The Paul H. Jensen Arctic Museum was a museum focused on the culture and environment of the Arctic in Monmouth in the U.S. state of Oregon. Located on the campus of Western Oregon University (WOU), the museum opened in 1985 with 3,000 artifacts collected by its late founder and namesake. The museum housed 5,000 artifacts and had exhibits on the wildlife of the Arctic along with displays that demonstrate the culture of the Inuit and Eskimo peoples of Alaska.
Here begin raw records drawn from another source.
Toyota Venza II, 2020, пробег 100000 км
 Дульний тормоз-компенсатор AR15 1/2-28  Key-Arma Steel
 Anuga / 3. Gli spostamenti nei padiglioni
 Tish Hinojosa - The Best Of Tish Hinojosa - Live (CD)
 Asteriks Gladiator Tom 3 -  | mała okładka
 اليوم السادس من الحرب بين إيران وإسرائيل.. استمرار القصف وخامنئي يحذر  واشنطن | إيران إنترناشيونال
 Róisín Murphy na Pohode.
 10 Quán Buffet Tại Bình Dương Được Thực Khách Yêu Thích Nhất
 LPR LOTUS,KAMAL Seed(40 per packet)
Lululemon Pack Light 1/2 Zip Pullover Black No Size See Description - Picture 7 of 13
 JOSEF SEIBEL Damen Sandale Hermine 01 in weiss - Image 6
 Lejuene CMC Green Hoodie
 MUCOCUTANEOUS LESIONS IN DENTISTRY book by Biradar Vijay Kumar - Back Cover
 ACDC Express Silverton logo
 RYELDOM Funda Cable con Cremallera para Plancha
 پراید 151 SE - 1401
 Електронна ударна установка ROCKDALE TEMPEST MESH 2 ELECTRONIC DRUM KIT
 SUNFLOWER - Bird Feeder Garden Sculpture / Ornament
The museum was one of only two museums focused on life in the Arctic located in the lower 48 states,[3] and the only one on the West Coast.[4] In 2013, WOU announced that the Jensen Museum would close its doors and the collections would move to the University of Oregon Museum of Natural and Cultural History (MNCH) at the University of Oregon in Eugene, which also has substantial Arctic collections.

Jensen Arctic Museum was founded in June 1985 by Paul Jensen with artifacts he collected from Alaska.[5] The artifacts were collected over 25 years while he was a researcher and teacher, with most items in the collection coming from gifts from native Alaskans.[5] Jensen, a then retired professor at Western Oregon, served as the curator and director of the museum until his death in 1994.[5] By 1993 the collection had grown to 3,000 artifacts[6] and the museum had 7,000 visitors annually.[7]

To celebrate the ten-year anniversary in 1995, the museum held a party featuring traditional Eskimo dancers.[8][9] The museum received $5,000 in a federal grant in 1997 to allow it to improve its preservation of artifacts.[10]

In January 2005, the museum sponsored the Whale in Science and Culture Symposium which featured speakers from the Oregon Coast Aquarium and Oregon State University's former president John V. Byrne among others.[11] Each year the museum hosted a traditional salmon bake as a fundraiser, with 300 pounds of salmon cooked each year.[12] The 28th annual salmon bake was held in 2013, when it was announced that the museum collection would move to the MNCH at the University of Oregon, the official repository for anthropological collections owned by the state of Oregon. Jon Erlandson, director of the MNCH, said that Arctic cultures and environments are rapidly changing and that the Jensen Arctic Collection holds priceless records of those changes that will be used for a variety of research and public education purposes.

Collections

William L. Iggiagruk Hensley visits the Jensen Arctic Museum and poses with an employee.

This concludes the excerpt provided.